The other dysfunctional party
Is it really that bad? Marshall Wittmann, of the centrist DLC, counsels against despair about the party's future. He points out that the anti-Bush left has a built-in sell-by date: Mr Bush will not be running in 2008. He also argues that the person who defines the character of a party is its presidential candidate—and the strongest candidates for 2008, such as Hillary Clinton and Mark Warner, are forward-thinking moderates.

There are two problems with Mr Wittmann's optimism. The first is that Moveon et al will still be in full bark against Mr Bush in 2006. That will not help in a contest where the tables are already stacked against the Democrats. In the Senate, they will be defending seven potentially vulnerable seats while the Republicans will be defending five; in the House, 41 Democrats are defending districts that Mr Bush carried in 2004 while only 18 Republicans are protecting districts that John Kerry carried.

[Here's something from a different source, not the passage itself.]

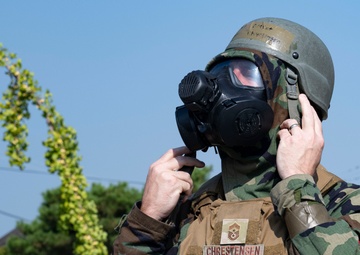 Wolf Pack optimizes base defense through GENARM in support of UFS24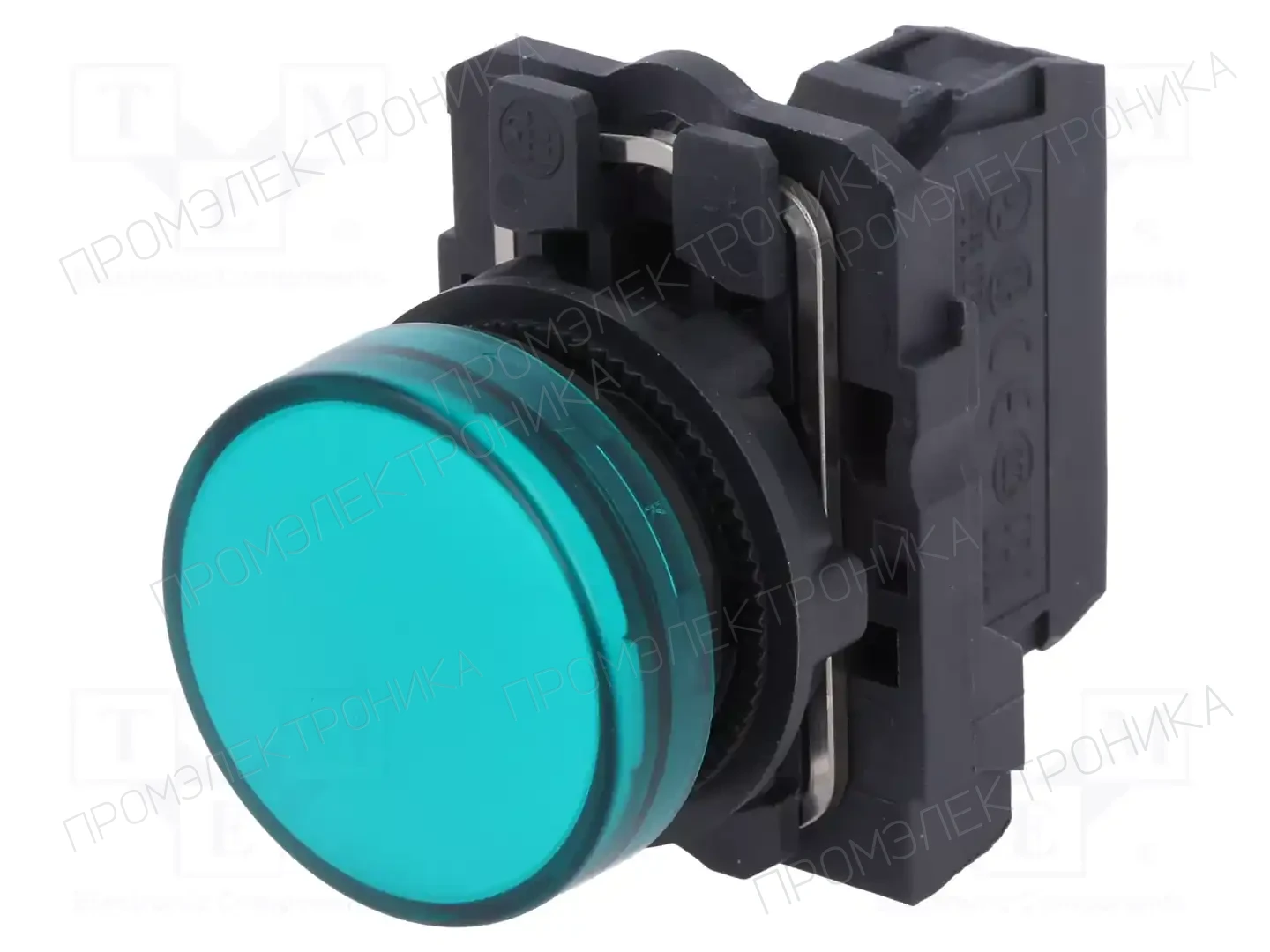 SCHNEIDER ELECTRIC XB5AVB3 — Панельные аксессуары стандартные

Second, even if a centrist Democrat succeeds in winning the party nomination in 2008, he or she will have a huge mountain to climb. In “The Politics of Polarisation”, a new paper published by the Third Way group, William Galston and Elaine Kamarck, two centrist stalwarts, lay out the topography. The public is profoundly sceptical of the Democrats on both “values” (only 29% of Americans regard the party as friendly towards religion) and defence (it is no accident that the Democrats have won the popular vote only in recent elections—1992, 1996 and 2000—when national security was all but absent from the debate). The party has also lost ground with two groups of swing voters: married women favoured them by four points in 1996, but backed Mr Bush by 12 points in 2004; a 16-point lead among Catholics became a five-point loss in 2004.

The 1990s showed that left-of-centre parties can climb the highest mountains provided they start early and stick to the right path. Mr Clinton made his political reputation as a reforming governor who was willing to think afresh about everything from education to free trade. No sooner was Mr Blair elected leader of the Labour Party in 1994 than he started tearing up left-wing shibboleths about public ownership and rebranding the party as “New Labour”. So far the Democratic Party has been so paralysed by its internal contradictions that it has wasted its years in opposition. Perhaps it will start laying out a blueprint for government soon. But time is short.